* Problem to work on *
Please print, word for word, every line from the one that contains "W03 [FR] FO (ED2) 032 CRUSTABRI (UNCO)" through the last line of the records, and nothing else.
Supplied data: Begin
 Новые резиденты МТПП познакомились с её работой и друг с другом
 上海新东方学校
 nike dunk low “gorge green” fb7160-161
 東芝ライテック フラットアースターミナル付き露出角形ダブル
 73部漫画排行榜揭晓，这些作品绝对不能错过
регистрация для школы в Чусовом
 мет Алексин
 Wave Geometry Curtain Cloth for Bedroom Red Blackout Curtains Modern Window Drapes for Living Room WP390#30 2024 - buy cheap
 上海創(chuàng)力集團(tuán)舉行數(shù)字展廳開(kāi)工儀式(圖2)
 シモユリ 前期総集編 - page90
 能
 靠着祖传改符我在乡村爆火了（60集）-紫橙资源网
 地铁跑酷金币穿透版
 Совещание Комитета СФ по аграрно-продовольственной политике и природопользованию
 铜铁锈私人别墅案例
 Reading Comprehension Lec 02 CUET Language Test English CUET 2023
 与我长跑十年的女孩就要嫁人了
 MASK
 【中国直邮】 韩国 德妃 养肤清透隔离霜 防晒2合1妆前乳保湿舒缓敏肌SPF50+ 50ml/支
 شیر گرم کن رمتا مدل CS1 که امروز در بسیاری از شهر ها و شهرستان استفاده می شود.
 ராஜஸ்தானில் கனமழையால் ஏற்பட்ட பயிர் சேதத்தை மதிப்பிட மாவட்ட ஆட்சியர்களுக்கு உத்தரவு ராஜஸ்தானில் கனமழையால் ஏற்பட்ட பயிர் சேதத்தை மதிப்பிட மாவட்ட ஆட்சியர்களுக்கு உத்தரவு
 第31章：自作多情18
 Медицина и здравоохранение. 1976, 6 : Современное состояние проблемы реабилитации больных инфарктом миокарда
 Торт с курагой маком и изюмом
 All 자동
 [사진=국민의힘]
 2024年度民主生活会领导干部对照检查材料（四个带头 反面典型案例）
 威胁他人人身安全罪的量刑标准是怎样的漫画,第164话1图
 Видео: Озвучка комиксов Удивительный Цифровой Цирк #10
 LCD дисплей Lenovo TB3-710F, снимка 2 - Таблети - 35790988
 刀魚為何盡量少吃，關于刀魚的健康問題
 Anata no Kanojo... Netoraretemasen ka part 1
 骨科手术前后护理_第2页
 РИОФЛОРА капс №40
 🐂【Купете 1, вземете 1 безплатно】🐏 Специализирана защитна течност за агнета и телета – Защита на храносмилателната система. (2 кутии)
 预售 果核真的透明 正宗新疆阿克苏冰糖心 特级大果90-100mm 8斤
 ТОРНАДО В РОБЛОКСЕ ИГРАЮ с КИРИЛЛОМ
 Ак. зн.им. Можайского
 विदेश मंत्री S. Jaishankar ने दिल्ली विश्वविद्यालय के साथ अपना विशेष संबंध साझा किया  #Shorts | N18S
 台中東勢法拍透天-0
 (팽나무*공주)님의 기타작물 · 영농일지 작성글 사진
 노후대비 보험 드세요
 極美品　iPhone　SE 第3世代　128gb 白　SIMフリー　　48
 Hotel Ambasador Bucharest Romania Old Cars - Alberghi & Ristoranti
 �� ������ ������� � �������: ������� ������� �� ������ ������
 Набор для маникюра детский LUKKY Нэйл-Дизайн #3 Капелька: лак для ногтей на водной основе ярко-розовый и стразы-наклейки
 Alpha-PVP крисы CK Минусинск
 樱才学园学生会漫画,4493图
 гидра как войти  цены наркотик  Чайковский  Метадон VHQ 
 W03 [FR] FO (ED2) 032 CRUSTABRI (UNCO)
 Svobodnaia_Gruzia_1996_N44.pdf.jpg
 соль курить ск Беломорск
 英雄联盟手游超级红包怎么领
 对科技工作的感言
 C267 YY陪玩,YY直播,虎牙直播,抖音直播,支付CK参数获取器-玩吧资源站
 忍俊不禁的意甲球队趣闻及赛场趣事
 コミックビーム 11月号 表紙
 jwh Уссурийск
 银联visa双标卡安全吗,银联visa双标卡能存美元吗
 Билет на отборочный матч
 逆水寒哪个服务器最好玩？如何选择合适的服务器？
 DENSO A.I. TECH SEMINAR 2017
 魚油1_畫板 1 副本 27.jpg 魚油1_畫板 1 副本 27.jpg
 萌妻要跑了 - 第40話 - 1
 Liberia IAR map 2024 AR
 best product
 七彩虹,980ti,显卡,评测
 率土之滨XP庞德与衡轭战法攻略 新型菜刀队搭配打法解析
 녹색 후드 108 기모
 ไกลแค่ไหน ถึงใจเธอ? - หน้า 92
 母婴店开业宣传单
Supplied data: End
* Answer for the task *
 W03 [FR] FO (ED2) 032 CRUSTABRI (UNCO)
 Svobodnaia_Gruzia_1996_N44.pdf.jpg
 соль курить ск Беломорск
 英雄联盟手游超级红包怎么领
 对科技工作的感言
 C267 YY陪玩,YY直播,虎牙直播,抖音直播,支付CK参数获取器-玩吧资源站
 忍俊不禁的意甲球队趣闻及赛场趣事
 コミックビーム 11月号 表紙
 jwh Уссурийск
 银联visa双标卡安全吗,银联visa双标卡能存美元吗
 Билет на отборочный матч
 逆水寒哪个服务器最好玩？如何选择合适的服务器？
 DENSO A.I. TECH SEMINAR 2017
 魚油1_畫板 1 副本 27.jpg 魚油1_畫板 1 副本 27.jpg
 萌妻要跑了 - 第40話 - 1
 Liberia IAR map 2024 AR
 best product
 七彩虹,980ti,显卡,评测
 率土之滨XP庞德与衡轭战法攻略 新型菜刀队搭配打法解析
 녹색 후드 108 기모
 ไกลแค่ไหน ถึงใจเธอ? - หน้า 92
 母婴店开业宣传单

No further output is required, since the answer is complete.